How to find day of a date

Solution 1:

Here is a method to convert between the Gregorian Calendar and the Julian Day Number.

Suppose the year, month, and date are given by $(Y,M,D)$ where January and February are included in the previous year, and March is month $0$ of its year.
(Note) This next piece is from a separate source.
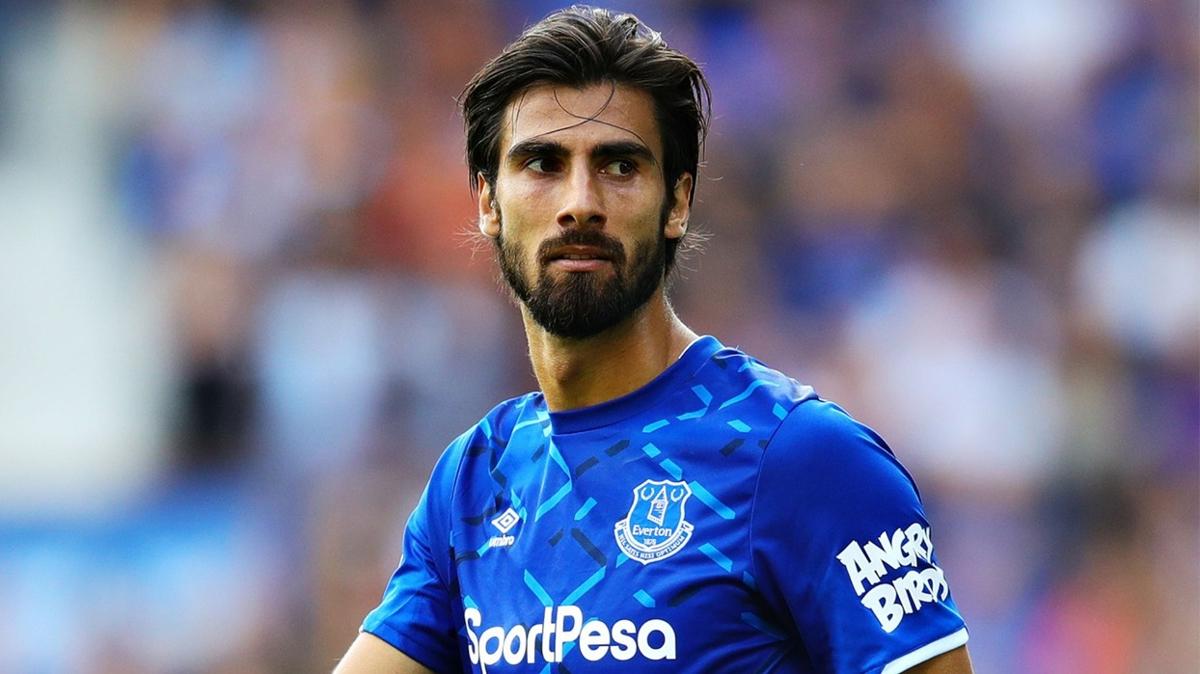 Andre Gomes Fenerbahçe'ye önerildi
Thus, January 1, 2000 would be $(1999,10,1)$. Then the Julian Day Number that starts at noon GMT on that day would be $$ \text{JDN} = 365Y + \left\lfloor\frac Y4\right\rfloor - \left\lfloor\frac Y{100}\right\rfloor + \left\lfloor\frac Y{400}\right\rfloor + \left\lfloor\frac{153M+2}5\right\rfloor + D + 1721119 $$ To get the day of the week, $\text{DOW}$, use $\text{JDN}+1 \equiv \text{DOW} \pmod7$ where $$ \begin{align} 0 &= \text{Sunday}\\ 1 &= \text{Monday}\\ 2 &= \text{Tuesday}\\ 3 &= \text{Wednesday}\\ 4 &= \text{Thursday}\\ 5 &= \text{Friday}\\ 6 &= \text{Saturday} \end{align} $$ The inversion of this process is a bit more complicated. To convert from $\text{JDN}$ to $(Y,M,D)$, use the following: $$ \begin{align} Q_1 &= \left\lfloor\dfrac{\text{JDN}-1721120}{146097}\right\rfloor\\ R_1 &= (\text{JDN}-1721120) - 146097 Q_1\\ Q_2 &= \min\left(\left\lfloor\frac{R_1}{36524}\right\rfloor,3\right)\\ R_2 &= R_1 - 36524 Q_2\\ Q_3 &= \left\lfloor\frac{R_2}{1461}\right\rfloor\\ R_3 &= R_2 - 1461 Q_3\\ Q_4 &= \min\left(\left\lfloor\frac{R_3}{365}\right\rfloor,3\right)\\ R_4 &= R_3 - 365 Q_4\\[18pt] Y &= 400 Q_1 +100 Q_2 + 4 Q_3 + Q_4\\[6pt] M &= \left\lfloor\frac{5R_4+2}{153}\right\rfloor\\ D &= R_4 - \left\lfloor\frac{153M+2}5\right\rfloor + 1 \end{align} $$

Solution 2:

Compute the number of days, modulo 7. Add the result to your present day.

For instance, today is Thursday, August 22, 2013.

August 23, 2014 is 366 days away.

$$366 \equiv 2 \bmod 7,$$

so August 23, 2014 is a Saturday.

Computing the number of days between dates is tedious, but not difficult.